Pictures with short captions
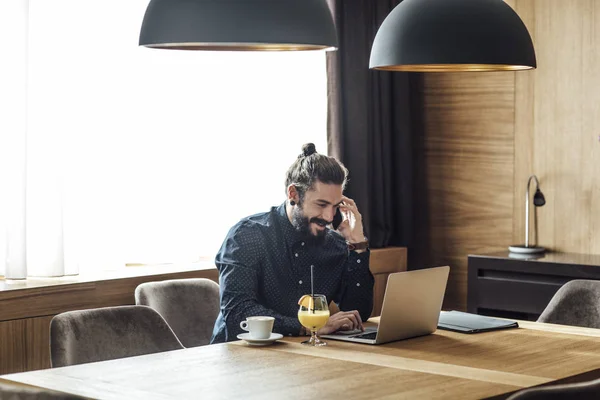 Empresário Freelancer trabalhando a partir do quarto de hotel — Fotografia de Stock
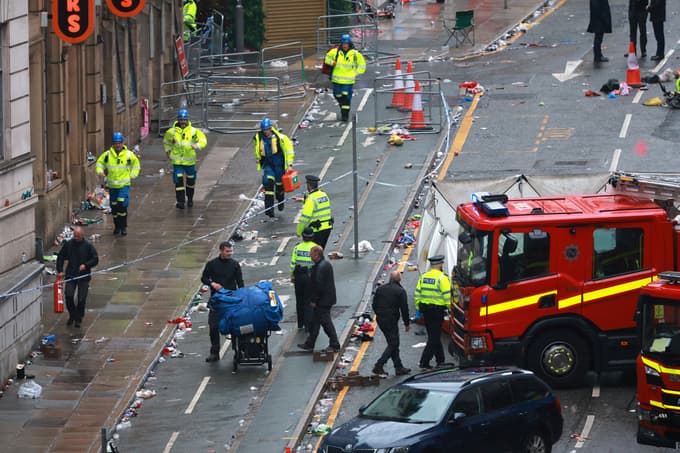 (FOTO in VIDEO) Pretresljivo: Na paradi zmage nogometašev Liverpoola avto zapeljal v množico.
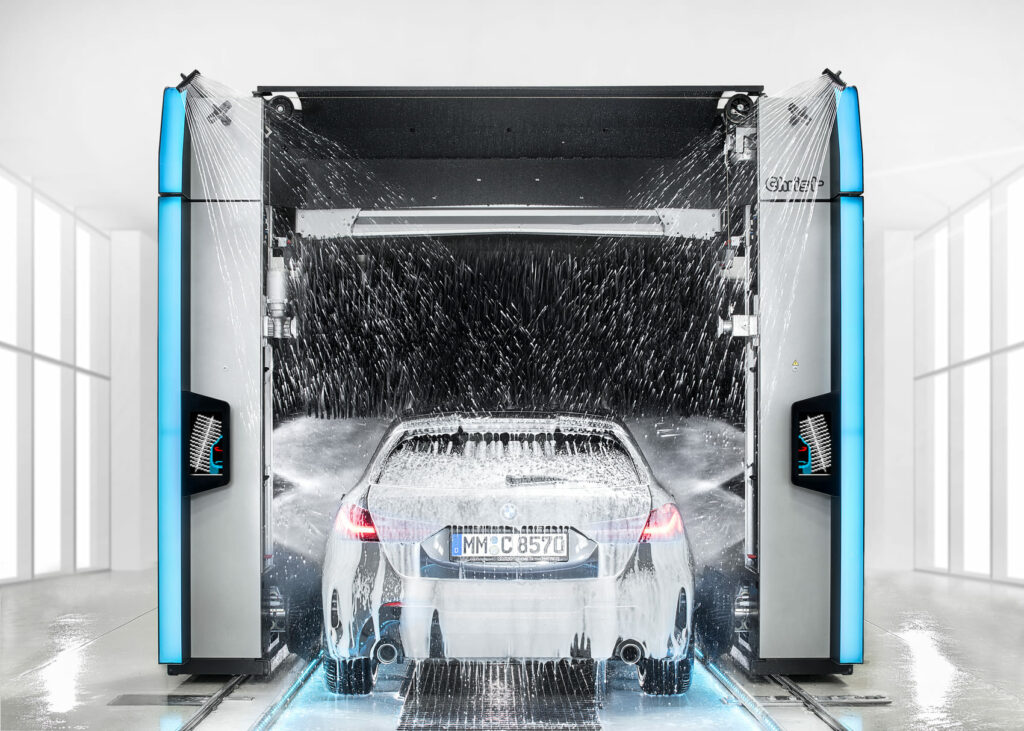 pwa-c17-cadis-beleuchtet-front-alles-1603_101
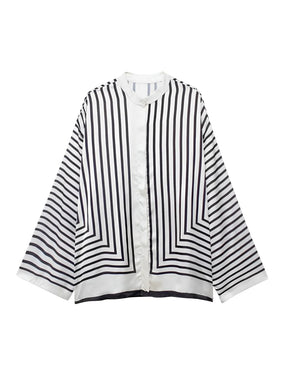 Camisa Feminina Bata Listrada com Manga Flare - Giulia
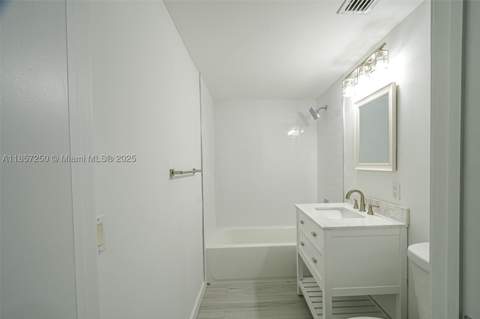 2740 SW 28th Ter 603, Miami FL - photo 11 of 21
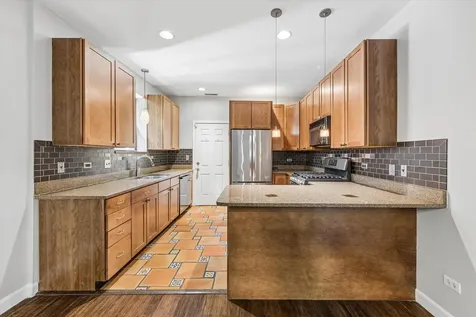6829 North Lakewood Avenue Chicago IL 60626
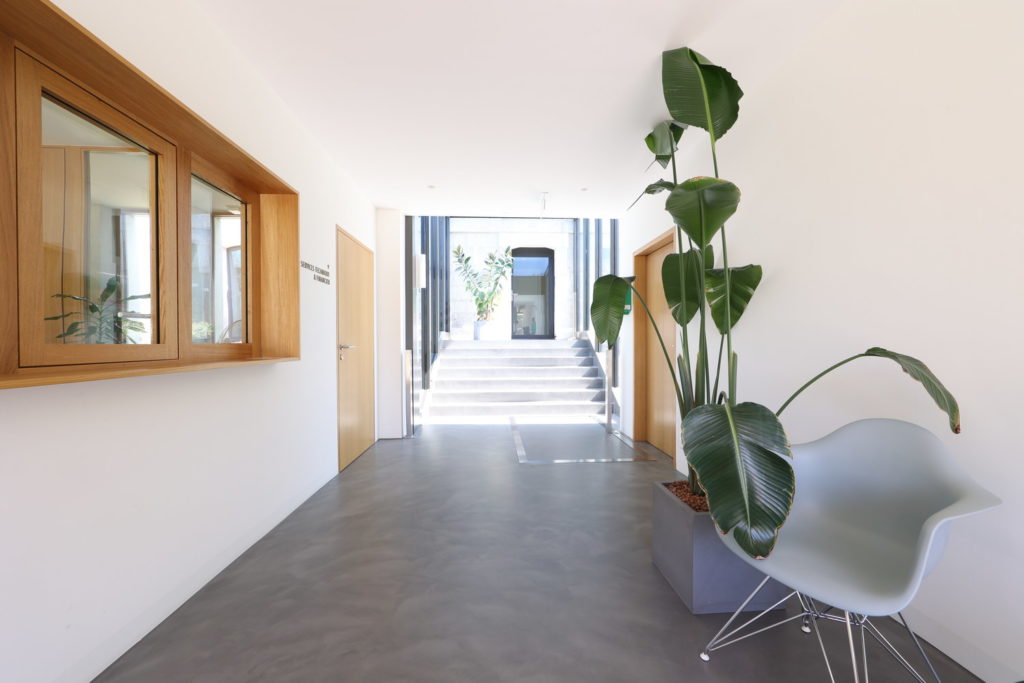 Réception en béton ciré de la mairie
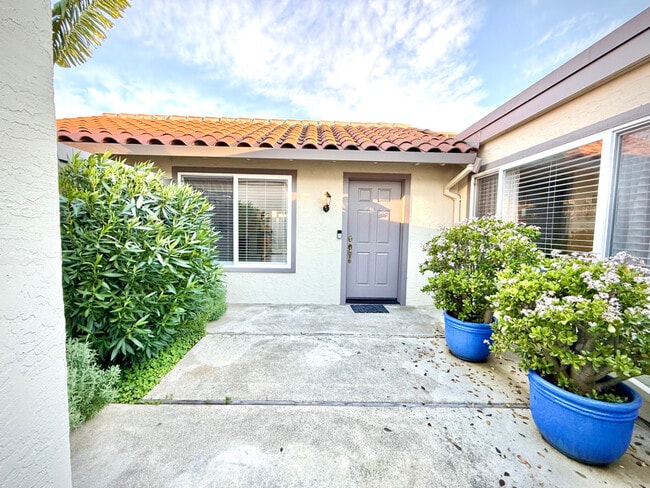 Photo - 1582 Calle Enrique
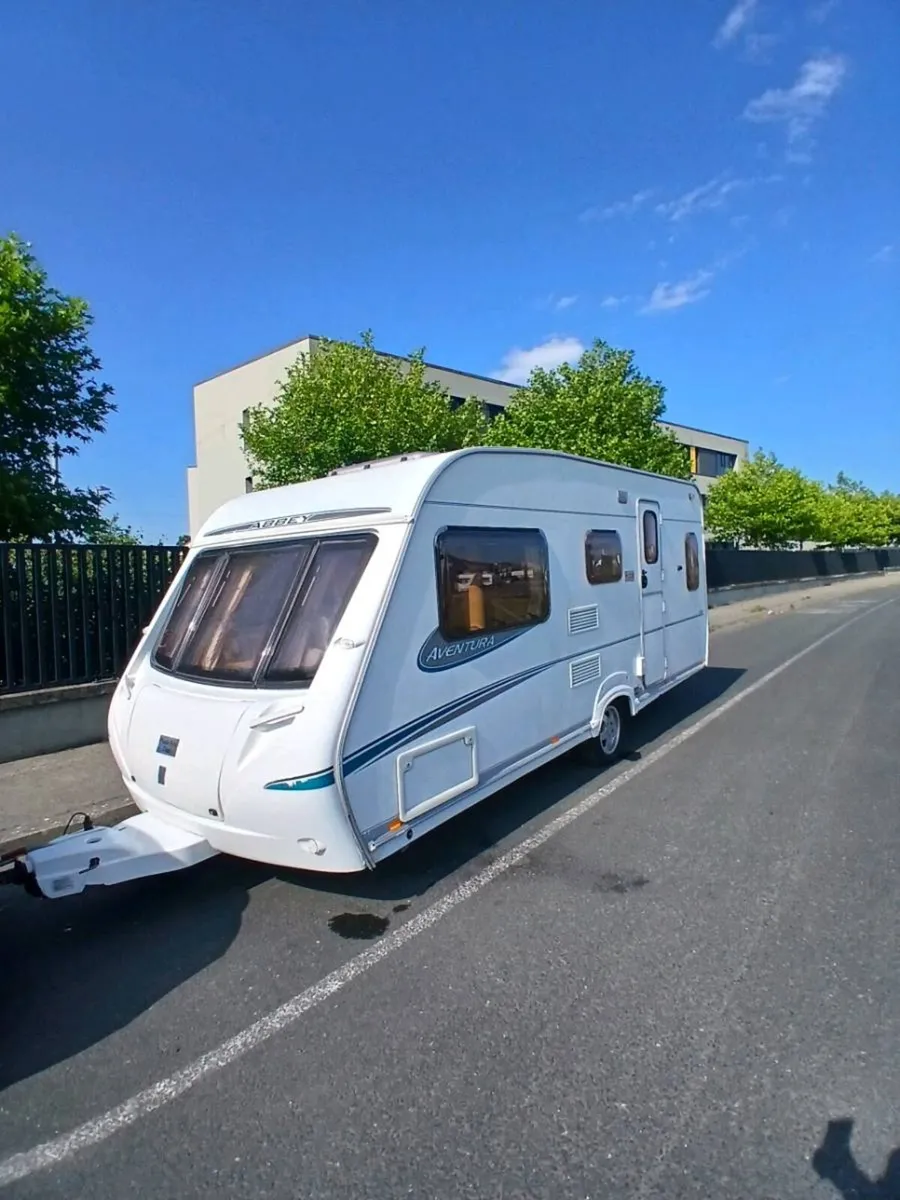 Caravan - Image 1
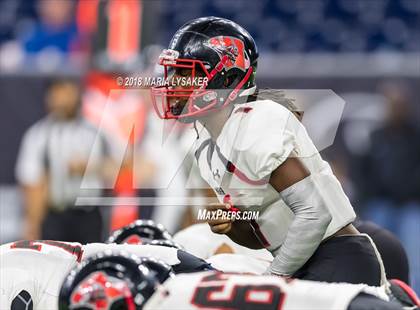 Thumbnail 1 in Wagner vs Shadow Creek (UIL 5A Semifinal Playoffs) photogallery.
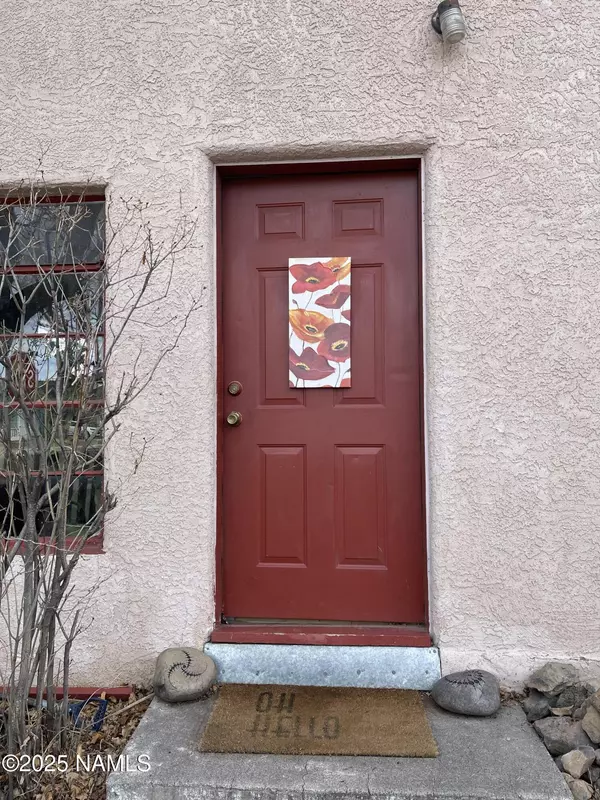Flagstaff, AZ 86001,402 S Leroux Street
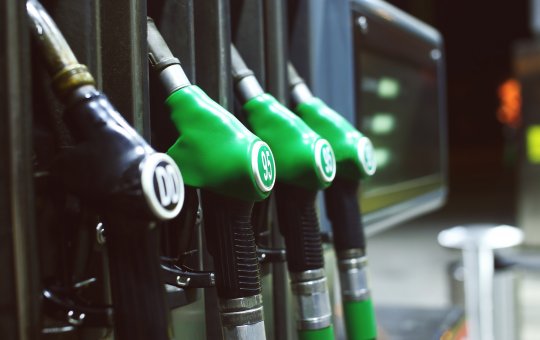 Alta do diesel perde força, mas preço ainda acumula forte aumento no Brasil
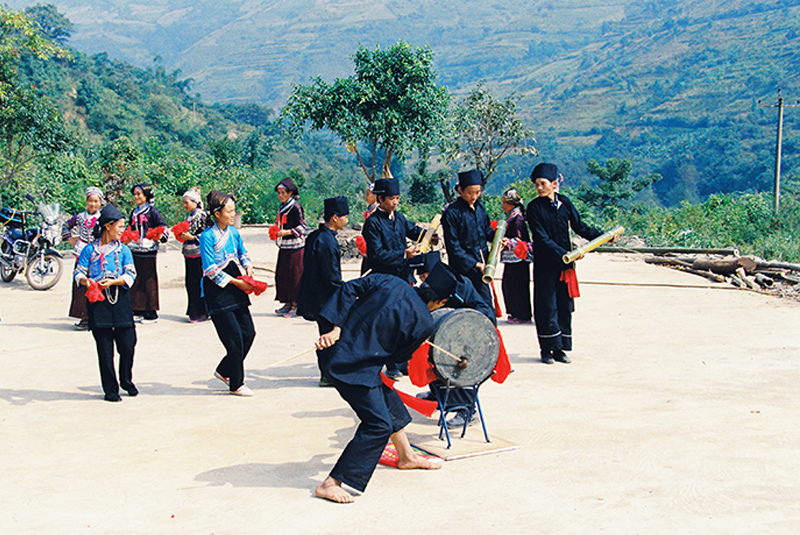 传承人陶元明表演铜鼓舞-(3)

*Aim of the exercise*. An exact printout of the entries is wanted, covering the first line through the line holding "Caravan - Image 1", with pictures kept out of it.

*Solved exercise*.
 Empresário Freelancer trabalhando a partir do quarto de hotel — Fotografia de Stock
 (FOTO in VIDEO) Pretresljivo: Na paradi zmage nogometašev Liverpoola avto zapeljal v množico.
 pwa-c17-cadis-beleuchtet-front-alles-1603_101
 Camisa Feminina Bata Listrada com Manga Flare - Giulia
 2740 SW 28th Ter 603, Miami FL - photo 11 of 21
6829 North Lakewood Avenue Chicago IL 60626
 Réception en béton ciré de la mairie
 Photo - 1582 Calle Enrique
 Caravan - Image 1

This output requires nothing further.